Sunday, 12 June 2011

My Top Four Trading Book Recommendations

For this post I'm wearing my Avid Trader hat, rather than Avid Chartist...

Having moved house this week, most of the 100+ trading books in my collection were either given away before the move, or are still in packing boxes. There are only four trading books which are already unpacked and close at hand. These are the top four trading books that I regularly re-read or dip in to.

I won't attempt in depth reviews of the books, I'm simply putting them out there as recommendations, with a few words about why they are important to me.

Diary of a Professional Commodity Trader: Lessons from 21 Weeks of Real Trading by Peter L. Brandt

Peter Brandt's average annual rate of return since 1981 has been 68%. This book shows you the building blocks of his trading plan and methods, and then shows you a diary of his trading for 21 weeks starting late in 2009. This book resonates strongly with me, because the author's trade entry signals are taken from simple classical charting patterns. However, as this book states, trade entry signals are at most 10% of a trading plan. This book focuses largely on the other 90% of the effort involved in trading, and is as honest, genuine, and insightful account of one man's version of the trading process as I can imagine reading. Published in early 2011, I doubt that this book is widely known, but I rate it as highly as any trading book I have read, and have already re-read it several times.

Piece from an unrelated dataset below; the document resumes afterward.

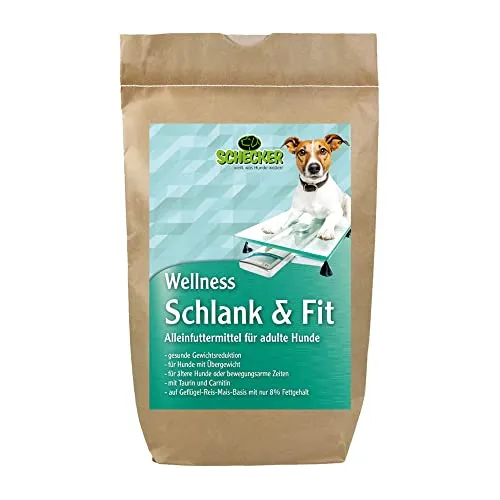 Schecker Trockenfutter Wellness Schlank und Fit - Geflügel12 kg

Reminiscences of a Stock Operator by Edwin Lefevre

A ripping yarn, a great read. A thinly disguised biography of Jesse Livermore, one of the great speculators of the early 20th century, it offers unsurpassed insight in to the workings of a traders mind. It also offers the warning that no matter how brilliant your market analysis, and how wise your knowledge of trader psychology, if you don't pay attention to money management, you will not make a lasting fortune as a trader. I read this book each year during my summer holidays, it's greatly enjoyable, gives my enthusiasm for trading a huge boost, and it helps get my mind set right for the new trading year.

Market Wizards: Interviews with Top Traders by Jack D. Schwager

In a similar vein to Reminiscences, this book offers many insights in the minds of great traders. In addition to that, the theme I took from it when I read it in my early years of trading, is that there are as many different ways to succeed at trading as there are traders. Each would be trader needs to find the trading plan that works for them. Even funnymentals whoops I mean fundamental analysis can work for some people, although for me it will always make as much sense as dancing about architecture. Wierd. But hey, whatever works for you, go with it. This is another summer holiday book for me, or one to read whenever I have had a bad run. Truly inspirational.

Trading In The Zone: Master the Market with Confidence, Discipline, and a Winning Attitude by Mark Douglas

The market continuously generates information about which way it will move next, but most people miss the signals unless those signals agree with their existing assumptions and biases. This book is about preparing your mind so that you can see all the signals that the market is sending you, and act on those signals without fear or greed getting in the way. It is not an easy read, quite verbose, and requires a lot of self reflection if the reader is going to make the best use of it. I think it is worth the effort, and I turn to this book whenever my trading psychology needs a tweak.

I have provided links to so that you can find out more details on the books, not necessarily as a recommendation to buy from there. I find that is often better value for myself, once I take in to account shipping costs. Likely you already have a favoured book store.